El lunes aún no nos hemos acostumbrado a un aire que notamos enrarecido, conformado por las cosas más esenciales de la vida: las prisas, la responsabilidad, el bullicio y el resto de quimeras que conforman la actividad perpetua que pone en marcha el universo y que fija la órbita de los planetas, el movimiento de las galaxias, el de las mareas y hasta el de las moscas en pleno vuelo.

Andamos… y superamos el martes… seguimos ascendiendo… y franqueamos el miércoles… El jueves afrontamos una etapa más dura, pues el entusiasmo inicial con el que iniciamos nuestra travesía se va desvaneciendo a medida que subimos, aunque es sustituido por la ilusión de llegar hasta la cima, energía gracias a la cual no desfallecemos durante camino.

Montañas

Llega el viernes, y la vegetación ha cambiado; en ese escalón ya no hay árboles entre los que tengamos que vagar ni arbustos que nos arañen con sus espinas. Mientras caminamos por la pradera todo empieza a parecer sencillo, porque notamos que nuestra tarea está por finalizar. Sacamos fuerzas de flaqueza y en un último impulso alcanzamos por fin la cumbre desde la cual observamos un panorama que nos hace sentir que todo el esfuerzo ha valido la pena. Allí arriba el aire es pobre en oxígeno, y por ello nos invita a delirar, a soñar y a olvidar los esfuerzos del viaje.
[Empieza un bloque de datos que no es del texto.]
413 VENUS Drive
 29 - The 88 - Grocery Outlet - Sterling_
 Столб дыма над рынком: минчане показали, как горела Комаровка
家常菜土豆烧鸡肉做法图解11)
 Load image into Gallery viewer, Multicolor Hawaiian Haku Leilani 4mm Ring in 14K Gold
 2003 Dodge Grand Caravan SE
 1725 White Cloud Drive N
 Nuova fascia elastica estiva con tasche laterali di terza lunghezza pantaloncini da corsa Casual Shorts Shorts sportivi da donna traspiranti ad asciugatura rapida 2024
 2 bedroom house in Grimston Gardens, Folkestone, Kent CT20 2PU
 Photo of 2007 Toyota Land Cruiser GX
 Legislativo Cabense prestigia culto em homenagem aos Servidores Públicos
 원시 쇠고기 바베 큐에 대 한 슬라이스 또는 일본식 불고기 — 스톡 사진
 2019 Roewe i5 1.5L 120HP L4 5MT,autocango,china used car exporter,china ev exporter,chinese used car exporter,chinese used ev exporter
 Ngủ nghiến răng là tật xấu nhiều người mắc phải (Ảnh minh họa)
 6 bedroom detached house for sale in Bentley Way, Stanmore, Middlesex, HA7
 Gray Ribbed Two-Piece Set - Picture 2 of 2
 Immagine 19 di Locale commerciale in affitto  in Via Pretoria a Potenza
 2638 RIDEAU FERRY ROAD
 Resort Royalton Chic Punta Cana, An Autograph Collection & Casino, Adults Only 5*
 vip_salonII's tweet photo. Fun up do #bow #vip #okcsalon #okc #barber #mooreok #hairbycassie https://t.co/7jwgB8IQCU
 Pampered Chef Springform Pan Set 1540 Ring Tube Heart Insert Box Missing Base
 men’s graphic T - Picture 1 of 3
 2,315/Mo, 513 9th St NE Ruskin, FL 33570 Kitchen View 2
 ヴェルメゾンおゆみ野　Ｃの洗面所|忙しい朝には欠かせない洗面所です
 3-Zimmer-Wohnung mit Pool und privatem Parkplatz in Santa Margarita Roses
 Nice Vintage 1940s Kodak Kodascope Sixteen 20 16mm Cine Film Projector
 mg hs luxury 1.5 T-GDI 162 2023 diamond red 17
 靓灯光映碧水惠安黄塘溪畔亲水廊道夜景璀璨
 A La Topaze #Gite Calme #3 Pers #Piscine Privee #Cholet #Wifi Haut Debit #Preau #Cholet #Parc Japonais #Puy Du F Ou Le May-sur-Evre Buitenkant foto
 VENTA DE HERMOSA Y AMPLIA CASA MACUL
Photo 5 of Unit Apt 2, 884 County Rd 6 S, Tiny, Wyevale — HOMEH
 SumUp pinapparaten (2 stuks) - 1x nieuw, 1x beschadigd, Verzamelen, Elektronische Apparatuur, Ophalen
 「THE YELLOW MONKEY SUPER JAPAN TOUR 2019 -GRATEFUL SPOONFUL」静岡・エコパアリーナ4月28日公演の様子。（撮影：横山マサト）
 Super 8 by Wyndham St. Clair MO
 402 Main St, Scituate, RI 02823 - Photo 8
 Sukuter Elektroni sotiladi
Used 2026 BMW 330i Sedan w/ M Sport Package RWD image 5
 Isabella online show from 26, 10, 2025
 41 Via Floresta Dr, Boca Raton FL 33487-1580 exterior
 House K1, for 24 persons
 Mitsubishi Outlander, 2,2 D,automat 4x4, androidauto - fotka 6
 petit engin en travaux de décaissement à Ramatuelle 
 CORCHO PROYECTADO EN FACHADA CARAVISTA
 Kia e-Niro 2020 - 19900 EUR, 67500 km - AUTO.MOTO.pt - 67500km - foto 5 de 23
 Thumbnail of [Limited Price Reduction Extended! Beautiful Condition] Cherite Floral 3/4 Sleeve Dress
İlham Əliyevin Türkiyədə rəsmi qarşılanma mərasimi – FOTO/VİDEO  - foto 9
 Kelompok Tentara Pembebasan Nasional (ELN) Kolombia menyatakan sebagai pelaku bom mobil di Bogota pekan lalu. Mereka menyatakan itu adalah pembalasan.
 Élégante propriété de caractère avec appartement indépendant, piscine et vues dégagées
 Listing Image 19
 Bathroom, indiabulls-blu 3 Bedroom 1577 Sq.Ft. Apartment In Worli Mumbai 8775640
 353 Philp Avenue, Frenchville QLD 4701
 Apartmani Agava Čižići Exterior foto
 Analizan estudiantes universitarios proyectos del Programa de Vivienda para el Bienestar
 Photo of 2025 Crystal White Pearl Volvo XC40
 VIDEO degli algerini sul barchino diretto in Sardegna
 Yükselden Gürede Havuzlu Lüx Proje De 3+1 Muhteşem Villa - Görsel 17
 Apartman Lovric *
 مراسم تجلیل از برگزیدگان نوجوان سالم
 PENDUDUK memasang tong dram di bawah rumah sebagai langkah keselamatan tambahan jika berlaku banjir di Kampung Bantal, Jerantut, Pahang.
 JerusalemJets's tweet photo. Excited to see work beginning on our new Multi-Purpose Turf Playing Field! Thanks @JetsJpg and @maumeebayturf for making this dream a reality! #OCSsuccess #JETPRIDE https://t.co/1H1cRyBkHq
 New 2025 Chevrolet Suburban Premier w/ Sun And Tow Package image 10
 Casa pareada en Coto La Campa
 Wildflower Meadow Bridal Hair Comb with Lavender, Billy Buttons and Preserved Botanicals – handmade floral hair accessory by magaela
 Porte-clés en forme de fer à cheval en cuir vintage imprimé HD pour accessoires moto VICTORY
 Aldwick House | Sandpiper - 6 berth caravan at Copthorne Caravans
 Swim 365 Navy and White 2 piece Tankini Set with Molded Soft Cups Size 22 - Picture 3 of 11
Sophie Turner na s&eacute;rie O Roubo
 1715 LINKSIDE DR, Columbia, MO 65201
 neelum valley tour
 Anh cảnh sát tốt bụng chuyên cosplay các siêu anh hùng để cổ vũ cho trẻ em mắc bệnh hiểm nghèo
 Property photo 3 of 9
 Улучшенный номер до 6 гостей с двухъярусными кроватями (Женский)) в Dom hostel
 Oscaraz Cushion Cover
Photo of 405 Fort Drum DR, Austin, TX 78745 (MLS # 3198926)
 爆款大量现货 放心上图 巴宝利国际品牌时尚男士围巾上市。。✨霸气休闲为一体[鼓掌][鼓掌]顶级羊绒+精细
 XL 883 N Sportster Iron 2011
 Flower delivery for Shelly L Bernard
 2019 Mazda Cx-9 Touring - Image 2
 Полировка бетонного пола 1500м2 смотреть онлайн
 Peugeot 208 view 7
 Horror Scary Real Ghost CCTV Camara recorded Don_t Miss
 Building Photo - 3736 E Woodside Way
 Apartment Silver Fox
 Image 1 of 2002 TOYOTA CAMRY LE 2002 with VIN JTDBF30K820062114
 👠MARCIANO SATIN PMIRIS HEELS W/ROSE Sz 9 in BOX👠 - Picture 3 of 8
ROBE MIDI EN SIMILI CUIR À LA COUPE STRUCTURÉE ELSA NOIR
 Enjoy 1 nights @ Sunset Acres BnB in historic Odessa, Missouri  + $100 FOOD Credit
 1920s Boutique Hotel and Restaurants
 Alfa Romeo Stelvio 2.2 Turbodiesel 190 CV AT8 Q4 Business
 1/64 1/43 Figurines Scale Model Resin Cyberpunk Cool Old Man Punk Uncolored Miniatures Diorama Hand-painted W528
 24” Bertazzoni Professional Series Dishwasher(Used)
Desde nuestra posición privilegiada, somos reyes de todo cuanto vemos, y libres para estar quietos y escapar por un rato de las agujas del reloj que han marcado nuestros pasos desde el lunes; en la cúspide de la vida siempre es sábado.

Sábado glorioso, sábado con sabor a alcohol o a besos, sábado malicioso, travieso, ajeno a los horarios y a las fronteras.

Aunque nos gustaría quedarnos allí para siempre, pronto nuestro entusiasmo comienza a desaparecer; los rayos del sol que allí arriba han calentado nuestra alma se esconden tímidos durante el crepúsculo. Ya es domingo, y en la oscuridad de la noche no distinguimos el paisaje que tanto nos había maravillado. Atrapados en ese extraño paraje dominical, no solo recordamos la felicidad de la cima, sino que por fin reparamos en la felicidad, más humilde y discreta, que experimentamos en mitad del caos de la semana. Un sentimiento extraño que solo podremos revivir cuando el lunes nos encaremos de nuevo con los escalones.

Sin embargo, a veces llegamos a la cima cuando ya ha anochecido, y entonces nos encontramos con la faceta más desoladora de la vida. Cuando los sábados son domingos estamos tristes de verdad.